Established for over 30 years in England, Clélia began her first contacts with Nobre in 2001, when her Sonata Breve debuted in London . Since then, contacts began for a record dedicated exclusively to his pianistic work – until today, only pianist Roberto Szidon had ventured into this endeavor, in a 1978 recording for Deutsche Grammophon.
Sitting on the sofa next to Nobre, Clélia recalls the difficulty in facing the 10 works selected for the collection: “It is modern music and difficult to perform. But despite being experimental, it communicates amazingly with the public”. The composer, known for his transition between the erudite and the popular, agrees: “I had many fights with Pierre Boulez and the serialists, who thought that being communicative was a defect. On the other hand, I remember Rubinstein once telling me: 'Your music is not a drawer. Your music has life'. For him, it was a song that the interpreter liked to interpret”.
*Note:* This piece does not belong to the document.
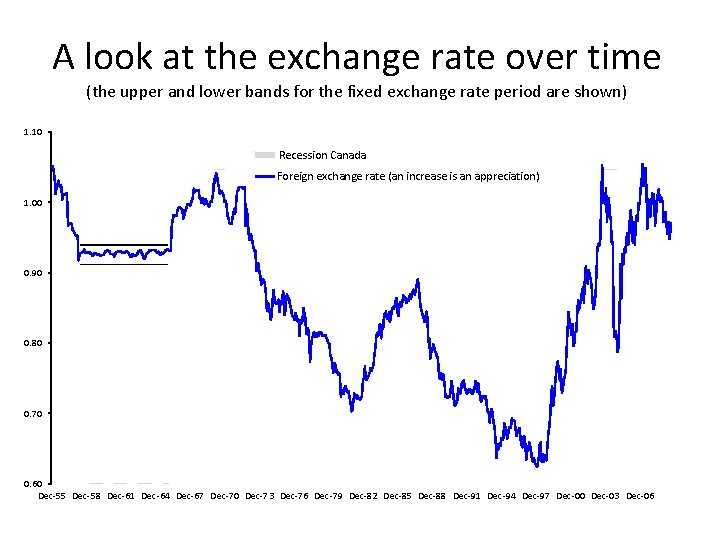 A look at the exchange rate over time (the upper and lower bands for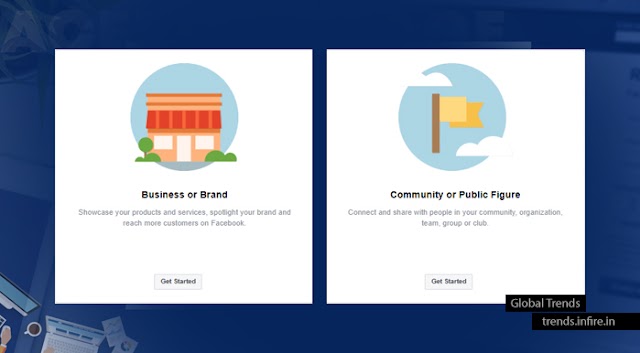 Facebook Page Types: All 1250 Page Categories; Start your Business or Brand at Ease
As well as the objects scattered around the house, the disc is a summary of Nobre's work, covering different creative periods. Northeastern Cycles number 1 and 4, first and last in the series, are completely opposite in terms of technique. Written with didactic intentions, the first presents a limited degree of difficulty. The last one – composed 11 years later – demands absolute control from the performer by incorporating rhythms such as frevo and maracatu. “To achieve the impact of the effects, you have to be very sure”, recalls Clélia. “The music is all ornate, it jumps back and forth. The maracatu, for example, is difficult because of syncope, the left hand gives time and is also out of time. I remember I showed it to some pianist friends in London and they thought it was too complicated!”
For Nobre, the biggest challenge is to handle polyphony. “I mix different rhythms, each one with dislocated accents. Percussion does this with five musicians, but imagine when you switch to piano, where there's only one? It takes a lot of effort so that the strength of the rhythms is not lost.”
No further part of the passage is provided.